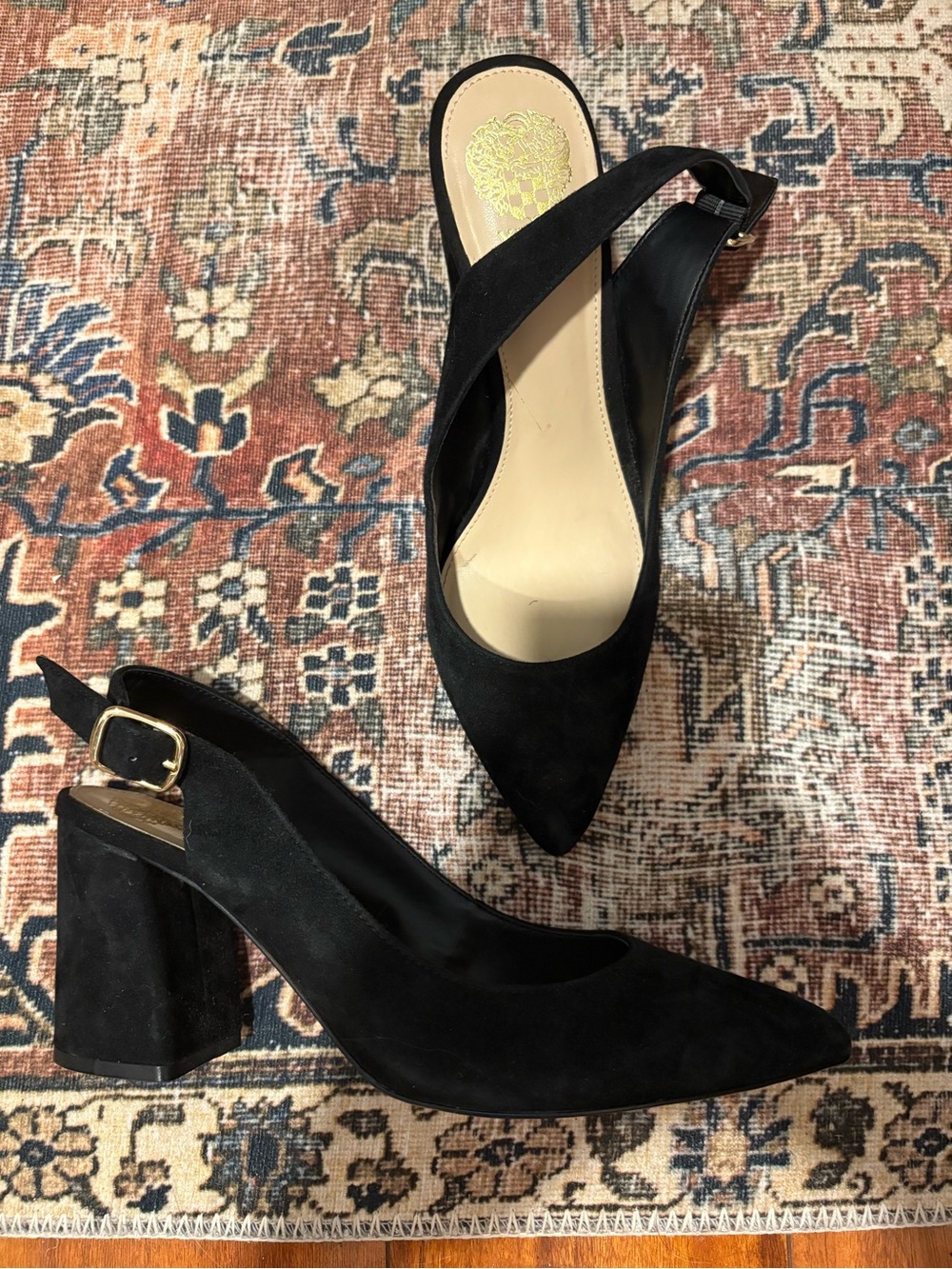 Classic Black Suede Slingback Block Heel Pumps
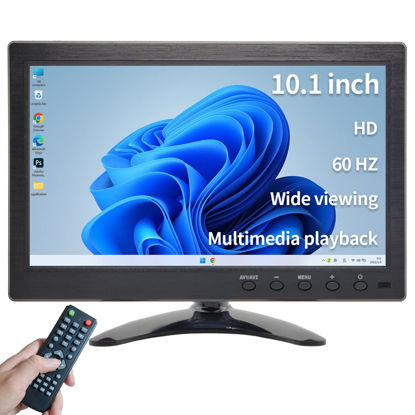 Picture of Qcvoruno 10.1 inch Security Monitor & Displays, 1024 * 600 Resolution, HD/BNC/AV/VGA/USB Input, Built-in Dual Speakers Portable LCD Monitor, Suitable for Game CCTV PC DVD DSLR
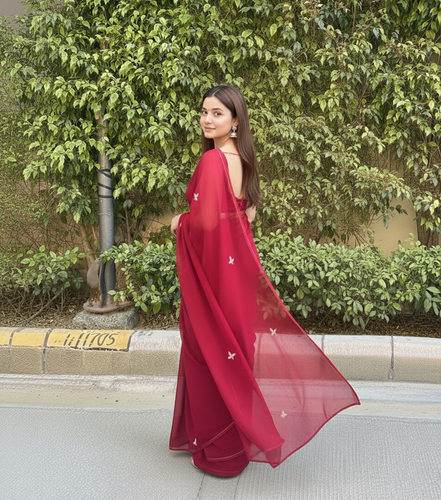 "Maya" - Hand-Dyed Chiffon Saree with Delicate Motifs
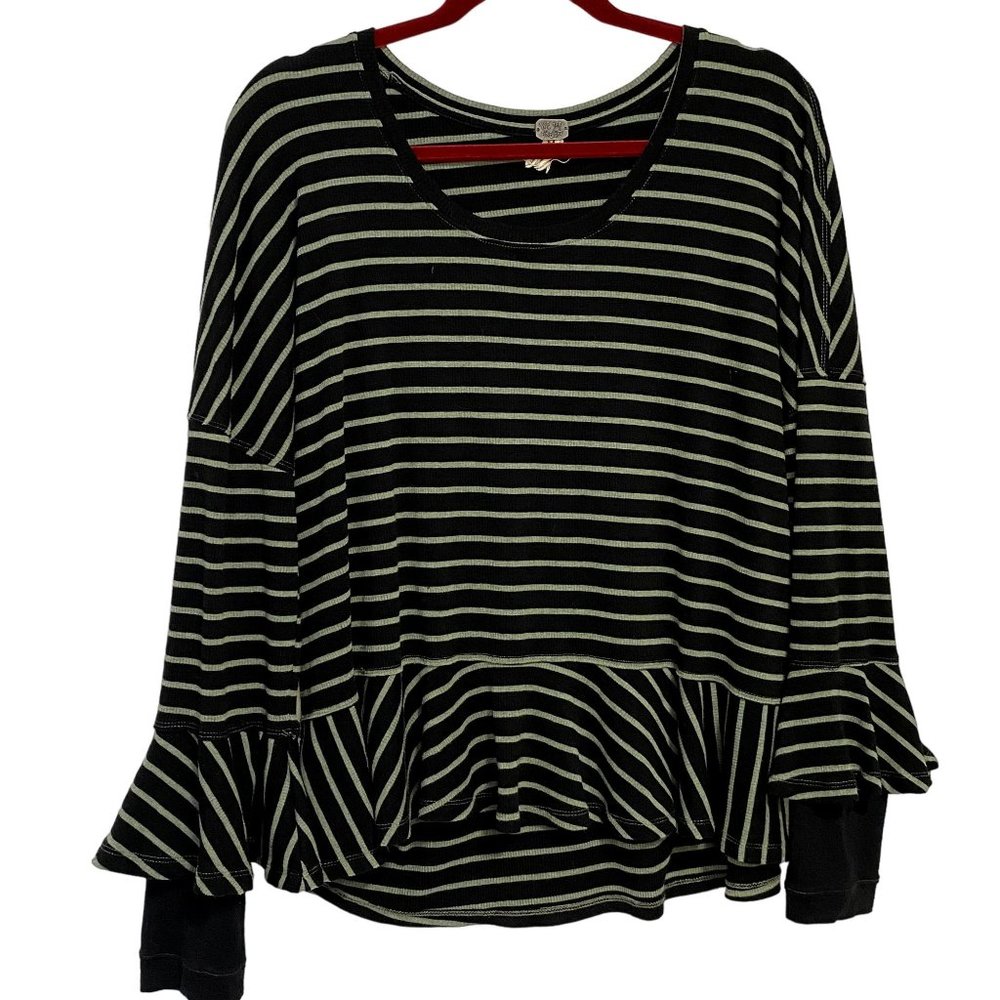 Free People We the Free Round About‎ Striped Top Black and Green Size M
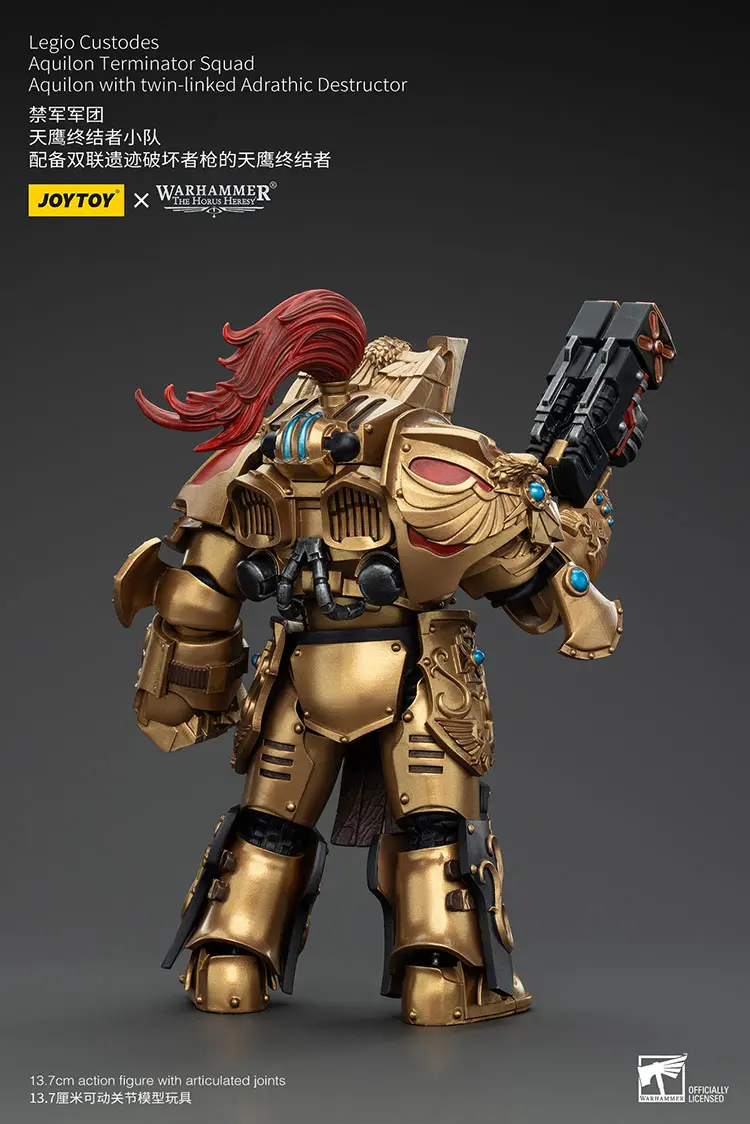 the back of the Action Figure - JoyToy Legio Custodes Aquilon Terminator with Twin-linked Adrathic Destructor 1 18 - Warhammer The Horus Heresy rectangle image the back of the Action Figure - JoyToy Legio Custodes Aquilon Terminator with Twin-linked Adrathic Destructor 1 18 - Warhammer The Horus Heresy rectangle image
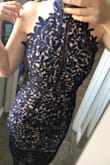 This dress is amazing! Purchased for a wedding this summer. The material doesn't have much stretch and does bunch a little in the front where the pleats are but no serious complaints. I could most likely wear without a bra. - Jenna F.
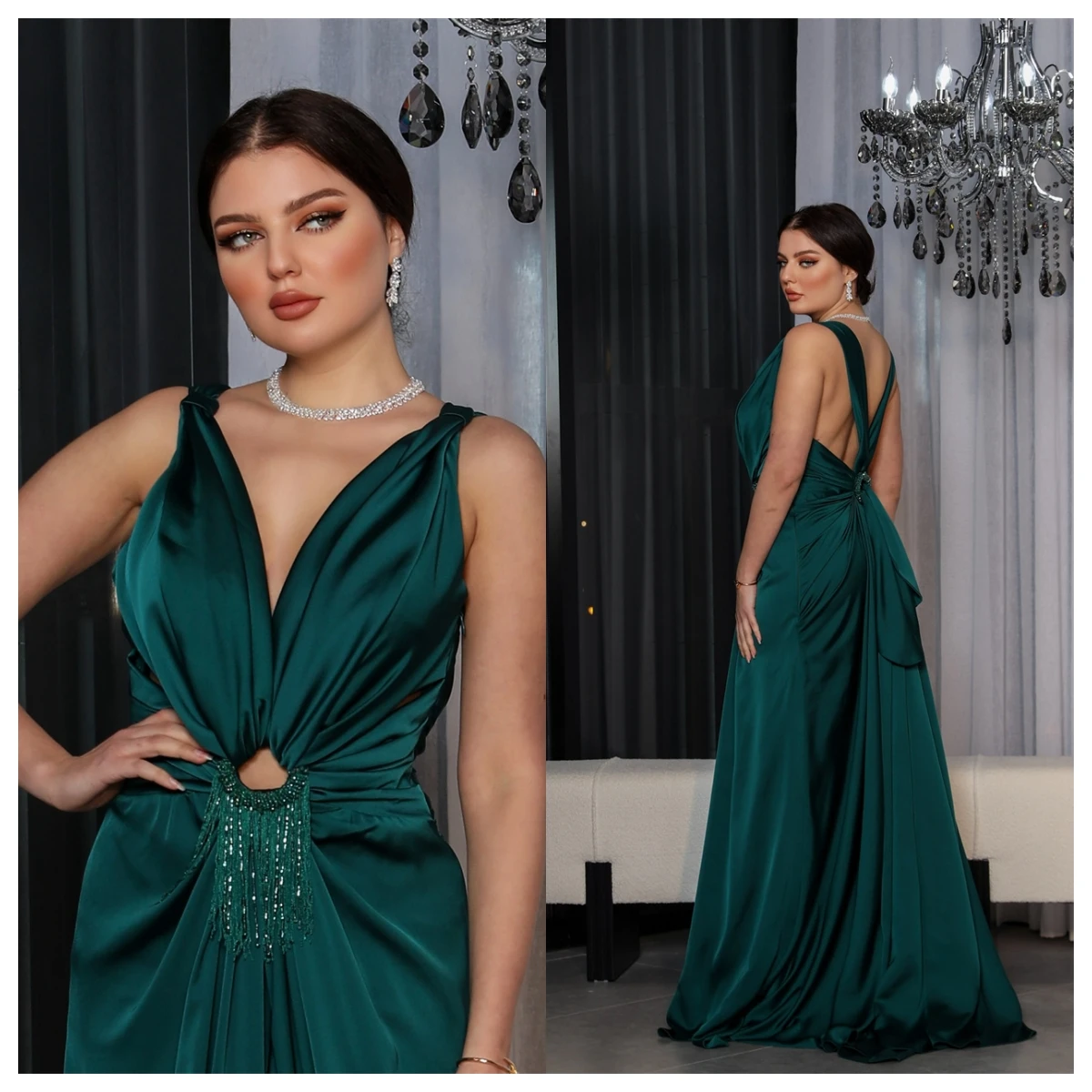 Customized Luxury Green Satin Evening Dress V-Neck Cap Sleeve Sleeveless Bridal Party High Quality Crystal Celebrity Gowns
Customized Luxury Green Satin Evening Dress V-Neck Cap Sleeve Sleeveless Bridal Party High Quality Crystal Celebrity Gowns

▶ [EXERCISE BRIEF]: With the pictures omitted, print each line of the data above precisely as given.

▶ [YOUR SOLUTION]:
 Classic Black Suede Slingback Block Heel Pumps
 Picture of Qcvoruno 10.1 inch Security Monitor & Displays, 1024 * 600 Resolution, HD/BNC/AV/VGA/USB Input, Built-in Dual Speakers Portable LCD Monitor, Suitable for Game CCTV PC DVD DSLR
 "Maya" - Hand-Dyed Chiffon Saree with Delicate Motifs
 Free People We the Free Round About‎ Striped Top Black and Green Size M
 the back of the Action Figure - JoyToy Legio Custodes Aquilon Terminator with Twin-linked Adrathic Destructor 1 18 - Warhammer The Horus Heresy rectangle image the back of the Action Figure - JoyToy Legio Custodes Aquilon Terminator with Twin-linked Adrathic Destructor 1 18 - Warhammer The Horus Heresy rectangle image
 This dress is amazing! Purchased for a wedding this summer. The material doesn't have much stretch and does bunch a little in the front where the pleats are but no serious complaints. I could most likely wear without a bra. - Jenna F.
 Customized Luxury Green Satin Evening Dress V-Neck Cap Sleeve Sleeveless Bridal Party High Quality Crystal Celebrity Gowns
Customized Luxury Green Satin Evening Dress V-Neck Cap Sleeve Sleeveless Bridal Party High Quality Crystal Celebrity Gowns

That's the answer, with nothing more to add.